Bell, Beverly

Aspects of Secondary Students' Understanding of Plant Nutrition: Summary Report

University of Leeds
Price: 1.50

Grade focus: 6-8, 9-12

This summary report is one of a series developed by the CLIS Project (Children's Learning in Science Project) in the UK. The series documents the main findings of the project's research on high school student understanding of important ideas in science and their implications for teaching and curriculum development.

This report summarizes the findings of a study of 15-year-old students' understanding of plant nutrition. Information about student understanding was obtained by analysis of extended written responses by 300 students to questions that required the application of ideas about plant nutrition in different contexts. In addition, 25 students were asked to respond to these questions in an interview situation. Most students had been exposed to scientific ideas about plant nutrition at some time in their science courses. Main findings include: Only a small proportion of students used accepted ideas about plant nutrition to explain the phenomena presented to them. Some students thought that plants obtained their food from their environment rather than manufacture it internally, and others thought that "food" for plants is anything plants take in from the outside, for example, water or minerals. Most students thought that plants need food to stay alive but did not seem to understand the role of energy in plant metabolism.
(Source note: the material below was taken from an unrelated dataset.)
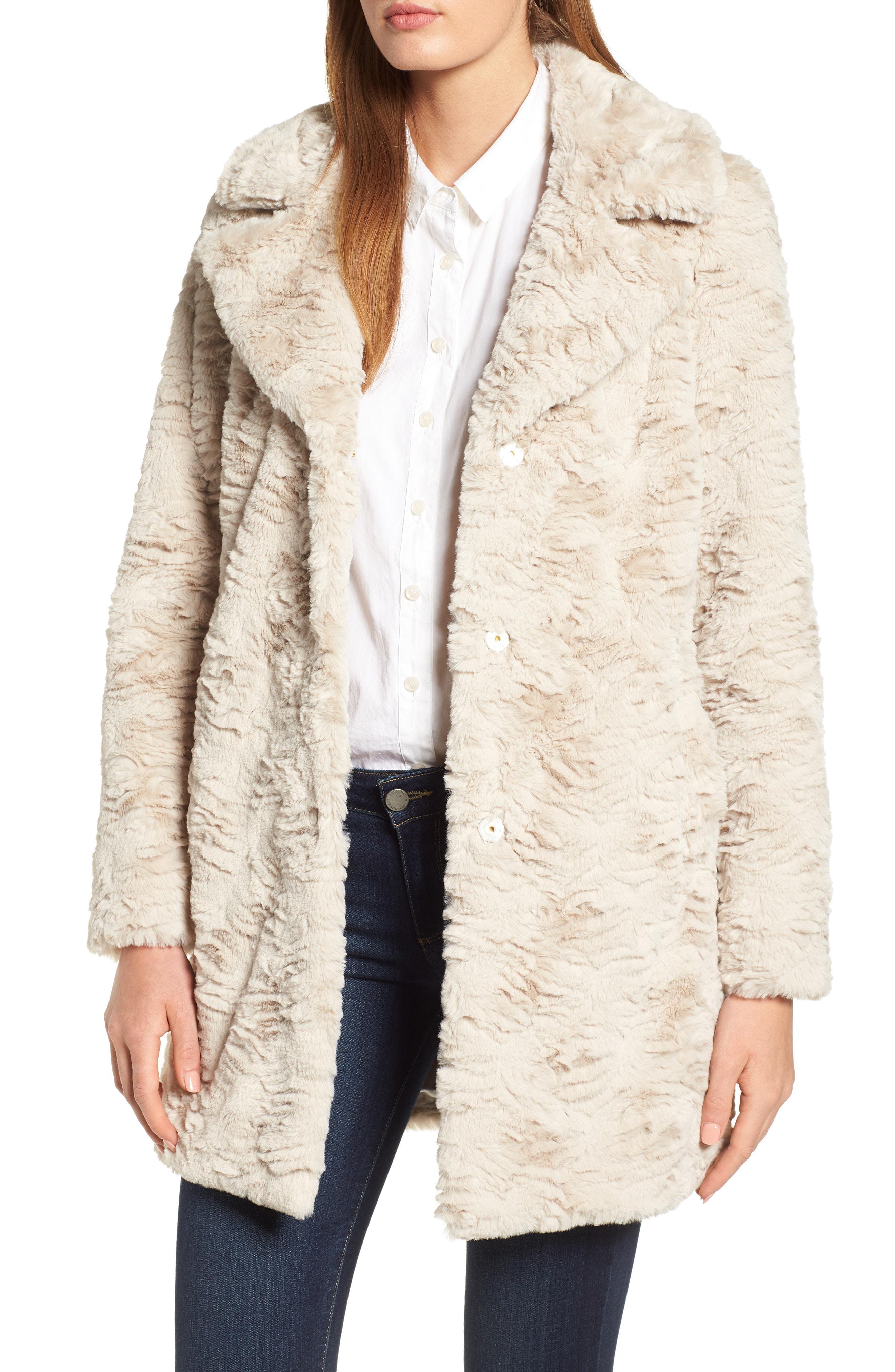 kenneth cole faux fur coat with hood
A full account of the investigation is given in:

Bell, B., and Brook, A. (1984). Aspects of secondary student understanding of plant nutrition. Leeds, UK: University of Leeds, Centre for Studies in Science and Mathematics Education.

Also available from the project are:

a) "The Construction of Meaning and Conceptual Change in Classroom Settings: Case Studies on Plant Nutrition," which documents classroom learning about plant nutrition to inform the development of revised teaching practices.

b) "Approaches to Teaching Plant Nutrition," a description of an approach to teaching ideas about plant nutrition to 13- to 14-year-old students. It is based on the constructivist theory of learning, guided by the project's research on student understanding, and written by teams of teachers. The document contains detailed lesson plans and student worksheets.

Other topics investigated in the series of summary reports include: Heat, Energy, and Particles.